Shkreli’s attorneys argued that their client’s online comments are similar to the political humor of Kathy Griffin, who was pictured holding a fake bloody head of President Donald Trump.

They also compared Shkreli’s postings to the controversial comment made by Trump during the campaign on Hillary Clinton abolishing the 2nd amendment.

Trump was criticized then for saying that may be the Second Amendment people can do something to stop Clinton. That comment was seen as a threat against the Democratic presidential candidate.

Solicitation of assault

However, Brooklyn Federal Court Judge Kiyo Matsumoto did not favor Shkreli’s arguments as he ordered the bail bond revoked. The judge said Shkreli continues to remain unaware of the inappropriateness of his actions or words. This, according to the judge, demonstrates that Shkreli “may be creating an ongoing risk to the community.”
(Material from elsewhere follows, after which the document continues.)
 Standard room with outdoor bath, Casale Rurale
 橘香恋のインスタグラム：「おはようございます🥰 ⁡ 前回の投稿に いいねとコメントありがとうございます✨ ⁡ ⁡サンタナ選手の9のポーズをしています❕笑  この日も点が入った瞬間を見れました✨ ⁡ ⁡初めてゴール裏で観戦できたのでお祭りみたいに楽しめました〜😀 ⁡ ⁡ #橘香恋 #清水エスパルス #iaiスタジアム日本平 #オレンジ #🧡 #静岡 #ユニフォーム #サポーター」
“This is a solicitation of assault.

That is not protected by the First Amendment,” the U.S District Judge said.

Taken into custody

According to media reports, the controversial businessman was taken into custody immediately after the hearing and was sent to Metropolitan Detention Center Brooklyn, where he will stay until the sentencing is handed down on January 16 in connection with his conviction on three counts of securities fraud last Aug. 4. Shkreli indicated that he will appeal his convictions.